Coroner calls on MHRA to take action over 'inherently unsafe' EpiPen
Following the death of 15-year-old Natasha Ednan-Laperouse, a report from coroner Sean Cummings says the EpiPen needle length and emergency adrenaline dosage raised serious concerns about the injector’s safety.
The coroner who investigated the death of Natasha Ednan-Laperouse has called on the Medicines and Healthcare products Regulatory Agency (MHRA) to take action after he said the EpiPen’s “inadequate dose of adrenaline for anaphylaxis and an inadequate length needle” raises serious safety concerns.
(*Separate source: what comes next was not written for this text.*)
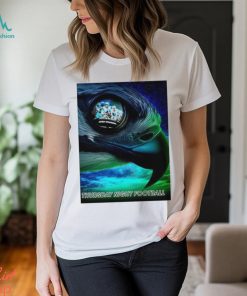 Dallas Cowboys vs Seattle Seahawks AT and T stadium eye on TNF on Prime shirt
Ednan-Laperouse, aged 15 years, died on 17 July 2016 after suffering an anaphylactic reaction on a flight to Nice, France, having eaten a baguette bought from Pret A Manger at Heathrow Airport. Although her father administered two EpiPen injections, Ednan-Laperouse died in hospital a few hours later.
In his ‘Report to prevent future deaths’, Sean Cummings, assistant coroner for the Coroner Area of London (Western Area), said that to access muscle “the preferred needle length is 25mm for adrenaline injectors”. Cummings said that during the inquest, he heard that the EpiPen’s needle length was 16mm, its standard length.
“The use of needles which access only subcutaneous tissue and not muscle is, in my view, inherently unsafe. An alternative autoinjector, Emerade, has a 24mm needle,” he wrote.
Cummings also said that although the UK Resuscitation Council recommends a standard emergency adrenaline dose of 500mcg, the EpiPen contains 300mcg. Again, he compared EpiPen to Emerade, saying that the latter “contains a dose including 500mcg”.
In his report, Cummings says: “Action should be taken to prevent future deaths and I believe you, Clive Schlee, chief executive of Pret A Manger; the Medicines and Healthcare products Regulatory Agency; the chief executive of Pfizer; and secretary of state Michael Gove all have the power to take such action.”
The named parties have until 3 December 2018 to respond to the report. In a statement, Pfizer said: “We empathise deeply with the family on their loss. We always strive to cooperate fully with authorities, however in this case, we need to clarify that the questions posed by the coroner relate to the drug approval in the UK and therefore should be directed to the license holder.”
The Pharmaceutical Journal contacted Mylan UK for comment.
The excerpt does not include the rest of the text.